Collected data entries
* * * *

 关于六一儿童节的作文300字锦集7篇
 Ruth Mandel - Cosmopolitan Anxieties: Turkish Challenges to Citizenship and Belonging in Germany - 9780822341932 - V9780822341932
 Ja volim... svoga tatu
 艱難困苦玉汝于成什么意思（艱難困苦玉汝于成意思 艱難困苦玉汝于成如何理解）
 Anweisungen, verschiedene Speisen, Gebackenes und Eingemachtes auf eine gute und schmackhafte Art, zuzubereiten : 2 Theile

* * * *

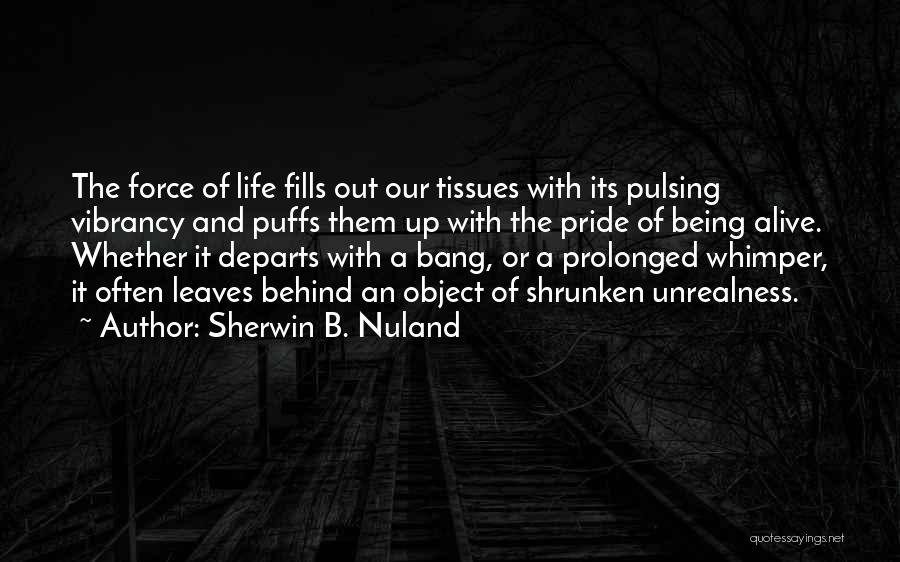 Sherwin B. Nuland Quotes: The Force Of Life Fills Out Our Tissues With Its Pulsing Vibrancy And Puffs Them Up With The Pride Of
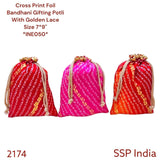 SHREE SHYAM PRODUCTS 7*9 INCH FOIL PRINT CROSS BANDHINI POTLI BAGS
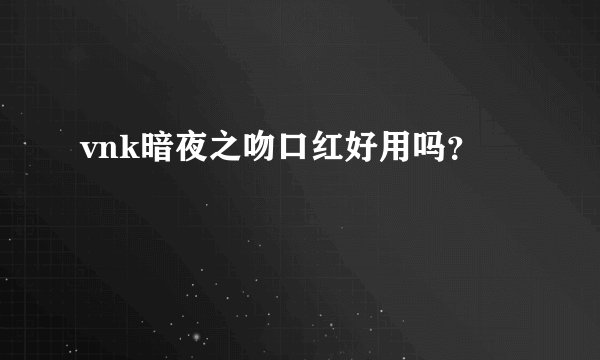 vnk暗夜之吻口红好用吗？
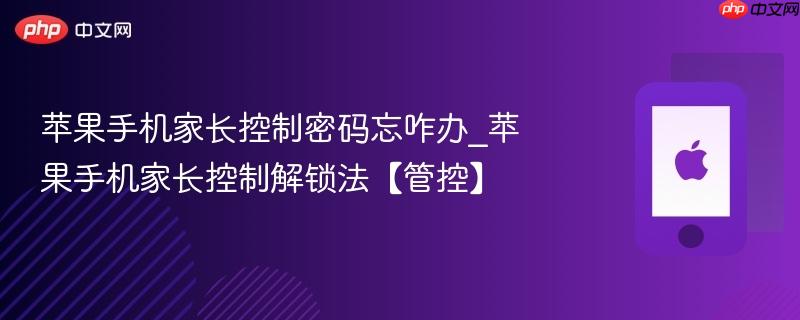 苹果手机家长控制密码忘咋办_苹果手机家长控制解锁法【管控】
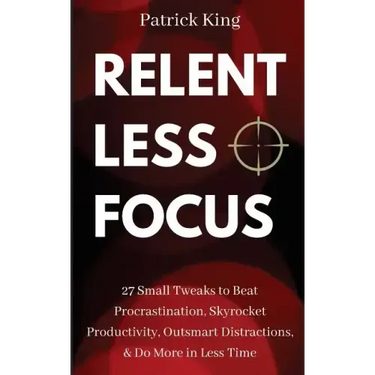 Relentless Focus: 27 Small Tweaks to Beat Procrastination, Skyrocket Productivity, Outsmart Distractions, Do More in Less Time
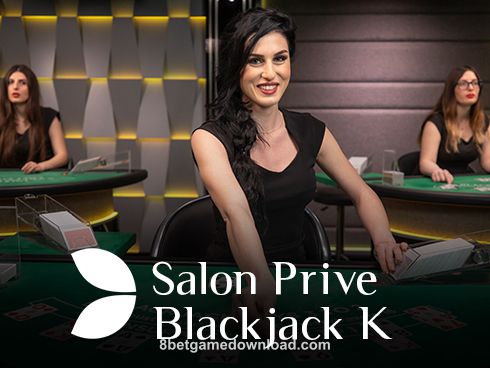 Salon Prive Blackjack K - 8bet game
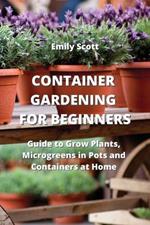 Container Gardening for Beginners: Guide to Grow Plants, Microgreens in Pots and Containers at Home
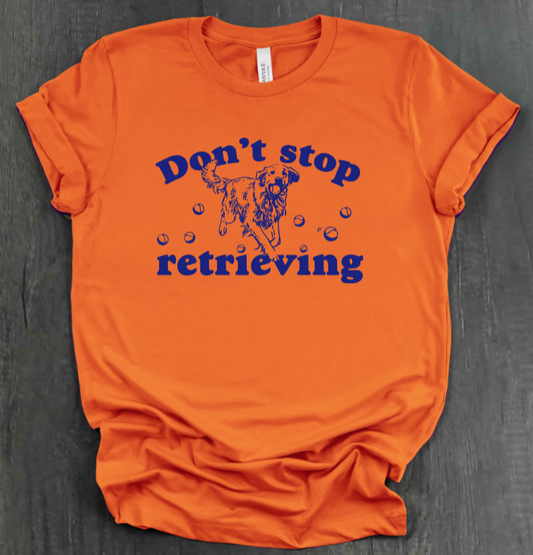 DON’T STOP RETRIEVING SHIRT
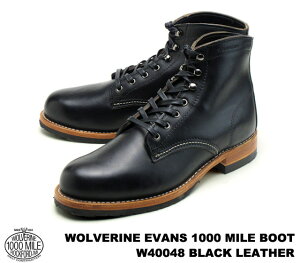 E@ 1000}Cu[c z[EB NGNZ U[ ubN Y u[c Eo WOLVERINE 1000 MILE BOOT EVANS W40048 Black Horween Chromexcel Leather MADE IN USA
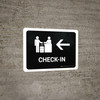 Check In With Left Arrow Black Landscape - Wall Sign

* * * *

§ **TASK INSTRUCTIONS**
Copy the entries above exactly, but only from the line holding "关于六一儿童节的作文300字锦集7篇" through the line holding "Anweisungen, verschiedene Speisen, Gebackenes", both included.

§ **SOLUTION TO THIS EXERCISE**
 关于六一儿童节的作文300字锦集7篇
 Ruth Mandel - Cosmopolitan Anxieties: Turkish Challenges to Citizenship and Belonging in Germany - 9780822341932 - V9780822341932
 Ja volim... svoga tatu
 艱難困苦玉汝于成什么意思（艱難困苦玉汝于成意思 艱難困苦玉汝于成如何理解）
 Anweisungen, verschiedene Speisen, Gebackenes und Eingemachtes auf eine gute und schmackhafte Art, zuzubereiten : 2 Theile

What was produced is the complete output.